Luke Graziani, 5, saves his brother, Mark, 4, after the younger boy fell into a drainage ditch at a construction site near their Centennial Drive home. Mayor Merle Madrid orders the developer, Mayo and Orvets, to fill the ditch or the village will do so and bill the company.

1962: Carl Gangloff, secretary of the Youngstown Area Development Foundation, says Kaiser Steel Corp. is making a concerted effort to lure steel production to California and the far West and suggests a local development drive to create more jobs in the Mahoning Valley.

The lack of a restaurant at Youngstown Municipal Airport is causing widespread concern among civic leaders and some city officials, but the earliest a full-time eating facility could be re-established is Feb. 1, and then only if city council takes action to upgrade water service at the airport.

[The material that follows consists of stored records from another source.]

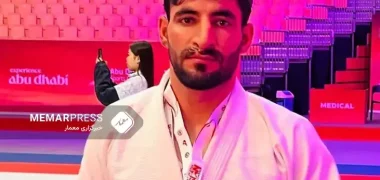 نصیر احمد الهام، ورزشکار افغانستان به مدال برنز رقابت‌های جوجیتسوی آسیا رسید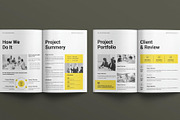 Project Proposal Template, a Brochure Template by E-Type (Thumbnail 4 of 6)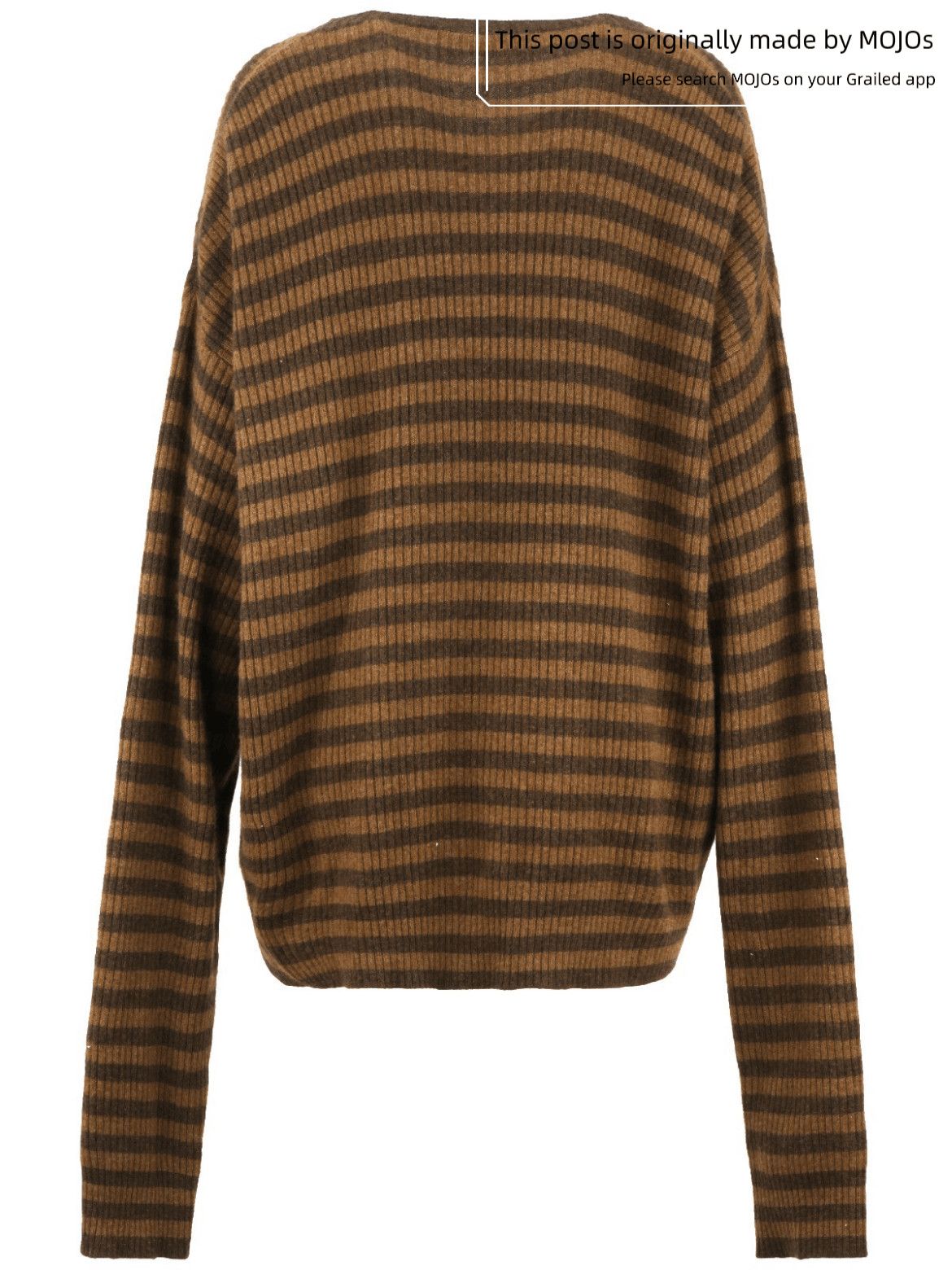 Haider Ackermann Haider Ackermann Oversized Stripe Wool Knitwear Size US M / EU 48-50 / 2 - 2 Thumbnail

Henry M. Robinson, adviser to presidents and onetime Youngstown business leader, leaves an estate of $800,000, of which $100,000 will be used to build a laboratory of geological sciences at the California Institute of Technology in memory of his father-in-law, the late Charles D. Arms of Youngstown.

1937: Mrs. Cecile Helen McWhirter of Youngstown-New Castle Road, is issued the 80,000th Social Security card in the Youngstown district by Edwin F. Faulhaber, district manager of the office.

Dr. Garry C. Myers, psychologist and writer of child education, tells 100 mothers at a session of the Mothers’ Institute at the Youngstown Public Library that an old-fashioned spanking, hand-to-flesh, is better than the hair brush, switches or ear-boxing.

U.S. Rep. Michael J. Kirwan of Youngstown joins a swelling chorus calling for business tax relief at a special session of Congress as an anti-recession measure.